(Records contained in a dataset)
***
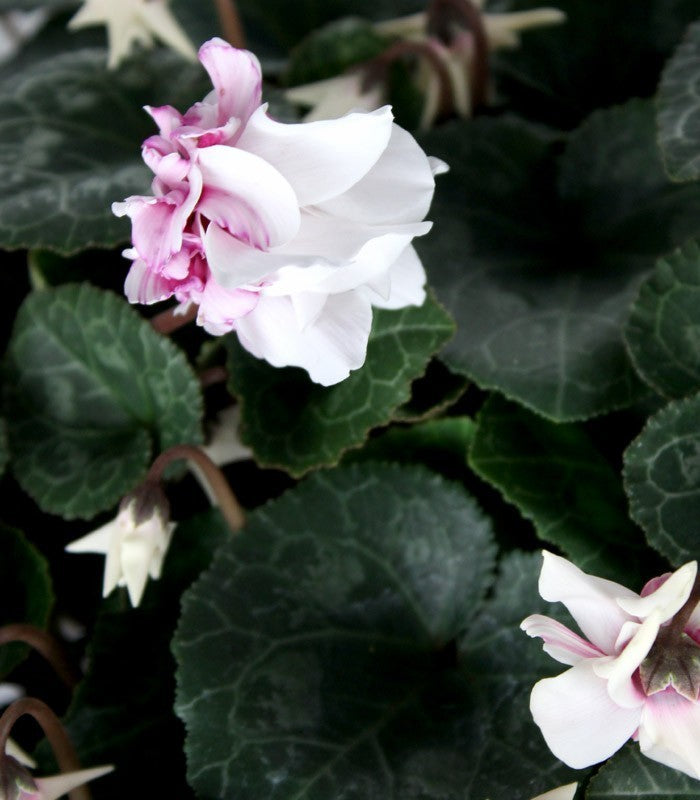 Ciclamino Masako bianco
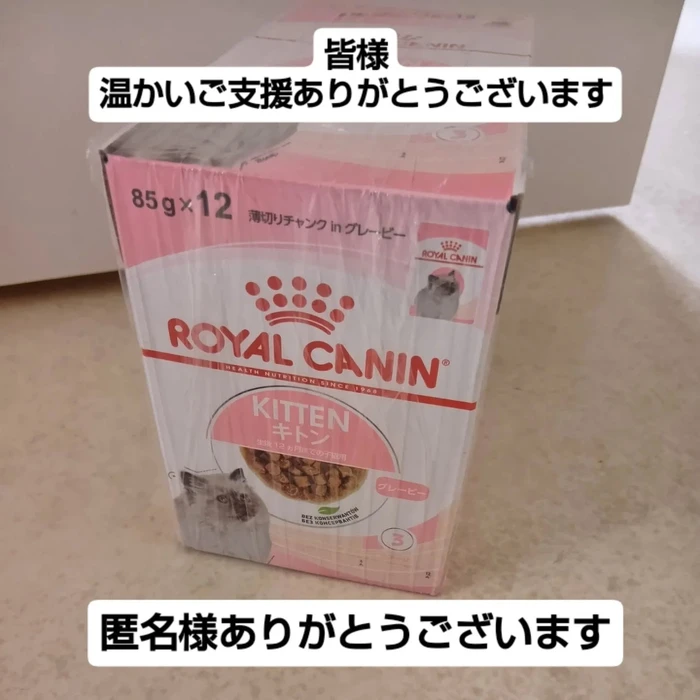 画像3051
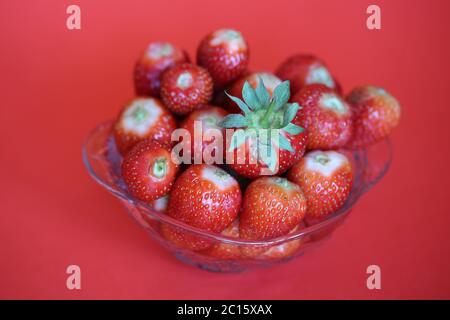 Frische süße saftige Erdbeeren in Glasschale Makro Nahaufnahme isoliert auf rotem Hintergrund. Stockfoto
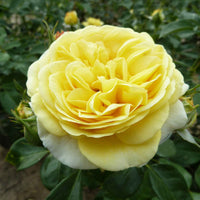 Trosroos Rosa 'Inka'® Geel  - Bare rooted - Winterhard - Heesters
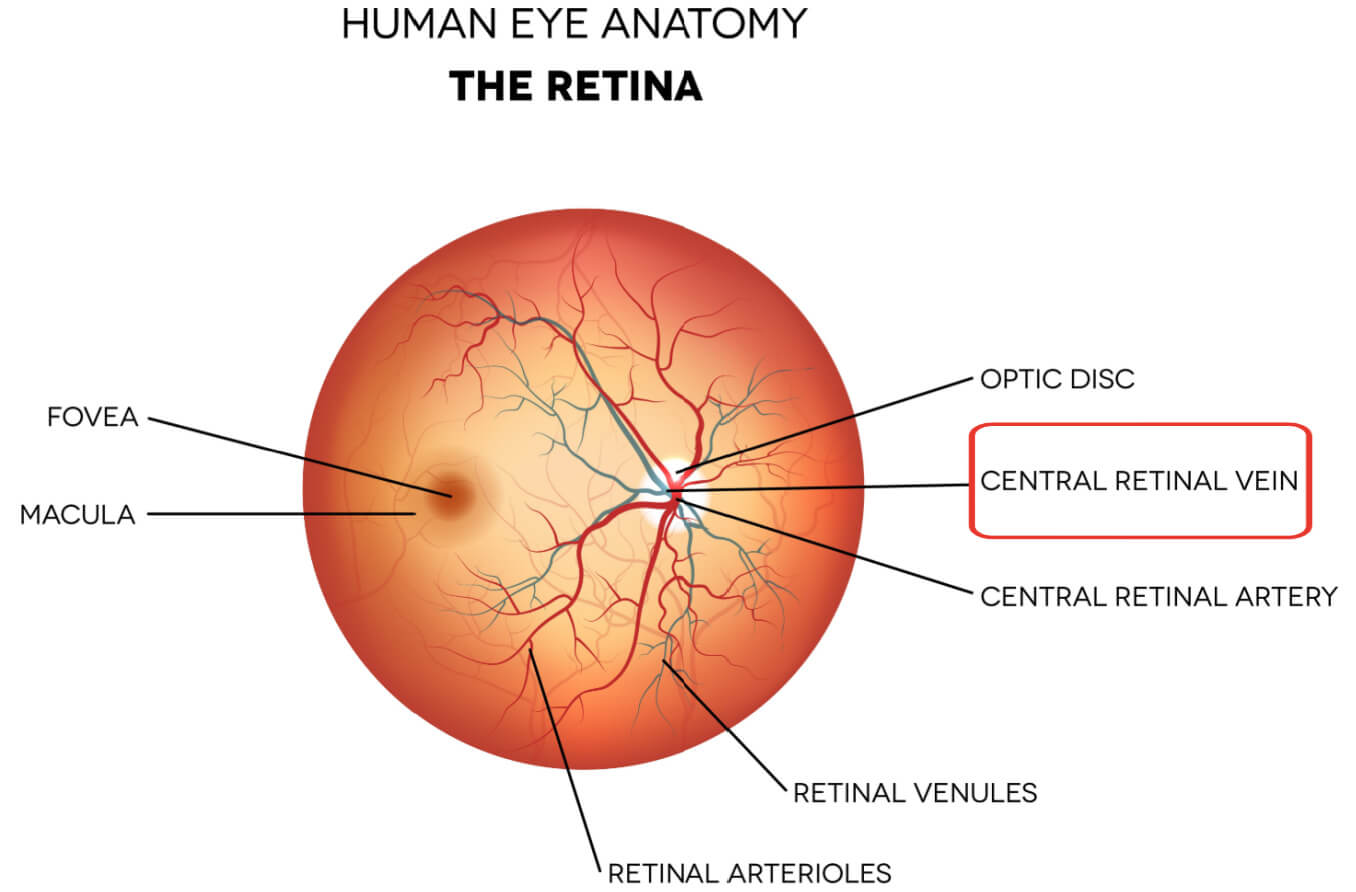 Illustration of central retinal vein location on the retina.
***
▶ **Brief**
Give every line of the records above again, exactly, and omit the pictures.

▶ **Answer space**
 Ciclamino Masako bianco
 画像3051
 Frische süße saftige Erdbeeren in Glasschale Makro Nahaufnahme isoliert auf rotem Hintergrund. Stockfoto
 Trosroos Rosa 'Inka'® Geel  - Bare rooted - Winterhard - Heesters
 Illustration of central retinal vein location on the retina.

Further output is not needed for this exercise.